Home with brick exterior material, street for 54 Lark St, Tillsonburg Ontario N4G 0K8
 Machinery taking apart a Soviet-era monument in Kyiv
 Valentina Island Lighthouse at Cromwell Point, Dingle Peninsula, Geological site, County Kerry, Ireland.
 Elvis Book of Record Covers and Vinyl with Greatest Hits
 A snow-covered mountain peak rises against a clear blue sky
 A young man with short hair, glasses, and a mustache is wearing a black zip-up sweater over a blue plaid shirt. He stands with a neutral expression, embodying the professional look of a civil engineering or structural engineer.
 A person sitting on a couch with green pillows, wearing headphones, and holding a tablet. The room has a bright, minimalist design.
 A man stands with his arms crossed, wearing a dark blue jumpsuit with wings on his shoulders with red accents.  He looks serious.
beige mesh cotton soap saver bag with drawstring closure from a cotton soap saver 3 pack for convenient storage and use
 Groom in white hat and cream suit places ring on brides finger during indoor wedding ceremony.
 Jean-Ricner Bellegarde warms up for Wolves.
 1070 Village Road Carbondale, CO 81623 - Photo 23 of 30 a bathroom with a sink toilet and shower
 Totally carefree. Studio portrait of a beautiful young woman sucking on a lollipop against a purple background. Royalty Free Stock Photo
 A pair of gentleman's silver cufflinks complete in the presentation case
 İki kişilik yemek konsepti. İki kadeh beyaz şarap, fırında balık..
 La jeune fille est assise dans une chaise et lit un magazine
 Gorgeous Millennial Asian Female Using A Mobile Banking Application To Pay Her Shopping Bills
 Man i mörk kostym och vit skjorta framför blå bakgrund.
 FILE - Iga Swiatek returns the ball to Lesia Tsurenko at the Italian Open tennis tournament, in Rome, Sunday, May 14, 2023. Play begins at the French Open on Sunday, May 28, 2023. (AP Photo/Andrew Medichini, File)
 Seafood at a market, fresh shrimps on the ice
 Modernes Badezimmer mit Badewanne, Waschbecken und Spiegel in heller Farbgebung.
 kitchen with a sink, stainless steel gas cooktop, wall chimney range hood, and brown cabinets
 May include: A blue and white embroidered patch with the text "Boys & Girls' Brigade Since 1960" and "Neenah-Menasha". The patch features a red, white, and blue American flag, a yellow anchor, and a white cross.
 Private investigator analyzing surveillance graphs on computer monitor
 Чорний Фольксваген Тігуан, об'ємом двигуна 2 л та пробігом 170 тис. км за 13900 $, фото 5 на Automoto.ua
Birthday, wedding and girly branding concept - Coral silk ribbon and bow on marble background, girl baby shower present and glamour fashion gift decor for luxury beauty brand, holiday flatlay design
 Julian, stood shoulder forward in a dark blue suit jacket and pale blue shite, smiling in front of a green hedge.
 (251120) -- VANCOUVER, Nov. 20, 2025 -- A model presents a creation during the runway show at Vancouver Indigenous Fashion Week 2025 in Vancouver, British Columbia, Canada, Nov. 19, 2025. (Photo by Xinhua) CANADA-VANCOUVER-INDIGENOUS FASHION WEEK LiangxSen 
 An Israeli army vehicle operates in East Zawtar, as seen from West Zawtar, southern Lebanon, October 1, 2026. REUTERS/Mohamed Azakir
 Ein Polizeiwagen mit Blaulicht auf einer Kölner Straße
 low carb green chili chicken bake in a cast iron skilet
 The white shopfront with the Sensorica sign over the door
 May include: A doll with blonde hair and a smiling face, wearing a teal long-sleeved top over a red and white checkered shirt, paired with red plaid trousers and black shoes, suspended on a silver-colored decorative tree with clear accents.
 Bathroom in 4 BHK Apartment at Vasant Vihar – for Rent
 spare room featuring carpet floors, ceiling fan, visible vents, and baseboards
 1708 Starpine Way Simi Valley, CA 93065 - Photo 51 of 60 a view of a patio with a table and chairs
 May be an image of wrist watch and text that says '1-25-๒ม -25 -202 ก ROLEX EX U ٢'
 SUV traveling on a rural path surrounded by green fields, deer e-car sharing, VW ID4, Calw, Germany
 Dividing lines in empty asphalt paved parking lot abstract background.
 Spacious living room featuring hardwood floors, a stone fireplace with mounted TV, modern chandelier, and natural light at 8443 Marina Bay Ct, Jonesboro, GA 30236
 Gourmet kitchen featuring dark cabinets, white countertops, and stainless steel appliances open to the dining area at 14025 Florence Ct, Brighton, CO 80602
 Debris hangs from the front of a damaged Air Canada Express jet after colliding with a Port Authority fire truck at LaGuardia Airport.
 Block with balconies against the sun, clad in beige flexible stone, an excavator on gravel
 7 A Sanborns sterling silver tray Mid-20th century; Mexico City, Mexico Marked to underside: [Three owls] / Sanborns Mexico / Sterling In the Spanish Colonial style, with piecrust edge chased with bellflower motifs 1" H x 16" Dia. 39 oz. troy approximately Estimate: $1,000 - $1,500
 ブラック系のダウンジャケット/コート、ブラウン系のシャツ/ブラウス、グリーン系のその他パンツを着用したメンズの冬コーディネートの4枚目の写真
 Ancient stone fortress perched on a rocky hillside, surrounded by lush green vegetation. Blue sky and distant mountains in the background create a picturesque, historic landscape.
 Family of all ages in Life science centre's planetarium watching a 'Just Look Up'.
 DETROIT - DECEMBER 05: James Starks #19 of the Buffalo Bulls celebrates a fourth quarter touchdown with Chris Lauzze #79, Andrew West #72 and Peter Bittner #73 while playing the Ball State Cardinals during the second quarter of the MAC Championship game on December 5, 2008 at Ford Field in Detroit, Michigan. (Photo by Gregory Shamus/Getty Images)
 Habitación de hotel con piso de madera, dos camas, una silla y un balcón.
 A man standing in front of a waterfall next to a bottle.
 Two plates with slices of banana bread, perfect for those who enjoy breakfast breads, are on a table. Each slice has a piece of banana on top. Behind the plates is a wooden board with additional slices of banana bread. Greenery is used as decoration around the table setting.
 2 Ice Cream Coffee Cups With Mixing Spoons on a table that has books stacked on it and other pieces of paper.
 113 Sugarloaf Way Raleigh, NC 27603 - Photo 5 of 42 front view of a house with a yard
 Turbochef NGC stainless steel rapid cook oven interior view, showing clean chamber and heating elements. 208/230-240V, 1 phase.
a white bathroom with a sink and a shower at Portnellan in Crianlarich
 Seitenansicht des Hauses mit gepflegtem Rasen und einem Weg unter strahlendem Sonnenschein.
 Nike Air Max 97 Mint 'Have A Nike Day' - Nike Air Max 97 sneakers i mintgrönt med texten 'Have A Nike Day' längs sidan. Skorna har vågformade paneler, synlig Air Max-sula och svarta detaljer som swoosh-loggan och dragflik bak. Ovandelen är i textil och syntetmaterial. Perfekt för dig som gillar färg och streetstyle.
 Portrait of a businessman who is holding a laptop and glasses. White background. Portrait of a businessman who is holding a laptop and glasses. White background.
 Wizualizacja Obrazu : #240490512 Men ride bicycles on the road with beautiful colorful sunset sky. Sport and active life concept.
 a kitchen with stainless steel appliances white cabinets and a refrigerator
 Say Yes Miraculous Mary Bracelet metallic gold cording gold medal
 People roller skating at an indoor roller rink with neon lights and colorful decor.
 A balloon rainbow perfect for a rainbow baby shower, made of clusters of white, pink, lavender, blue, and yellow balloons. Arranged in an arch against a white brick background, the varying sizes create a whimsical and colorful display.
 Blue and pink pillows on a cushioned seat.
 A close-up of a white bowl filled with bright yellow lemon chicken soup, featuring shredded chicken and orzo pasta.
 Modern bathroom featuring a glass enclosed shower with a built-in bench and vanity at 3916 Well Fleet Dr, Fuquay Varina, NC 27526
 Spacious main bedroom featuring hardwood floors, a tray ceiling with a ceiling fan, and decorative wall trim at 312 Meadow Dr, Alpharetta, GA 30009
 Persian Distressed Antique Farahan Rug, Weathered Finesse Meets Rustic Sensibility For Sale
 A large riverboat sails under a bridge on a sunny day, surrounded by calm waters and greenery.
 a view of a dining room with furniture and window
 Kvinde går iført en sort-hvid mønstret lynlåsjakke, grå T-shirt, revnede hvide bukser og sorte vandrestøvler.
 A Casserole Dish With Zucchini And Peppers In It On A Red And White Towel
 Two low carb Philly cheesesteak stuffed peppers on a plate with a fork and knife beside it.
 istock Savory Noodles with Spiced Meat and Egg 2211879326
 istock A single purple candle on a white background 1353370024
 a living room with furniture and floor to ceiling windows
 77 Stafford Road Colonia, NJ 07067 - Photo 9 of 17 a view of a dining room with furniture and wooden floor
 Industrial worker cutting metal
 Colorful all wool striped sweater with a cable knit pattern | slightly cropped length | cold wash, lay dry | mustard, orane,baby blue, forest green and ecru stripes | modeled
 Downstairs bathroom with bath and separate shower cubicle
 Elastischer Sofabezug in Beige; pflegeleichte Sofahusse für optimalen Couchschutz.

■ ■ ■ ■ ■ ■ ■

ASSIGNMENT:
Every line from the start of the listing through the line with "A snow-covered mountain" should be reproduced exactly, and no other line.

WORKED SOLUTION:
Home with brick exterior material, street for 54 Lark St, Tillsonburg Ontario N4G 0K8
 Machinery taking apart a Soviet-era monument in Kyiv
 Valentina Island Lighthouse at Cromwell Point, Dingle Peninsula, Geological site, County Kerry, Ireland.
 Elvis Book of Record Covers and Vinyl with Greatest Hits
 A snow-covered mountain peak rises against a clear blue sky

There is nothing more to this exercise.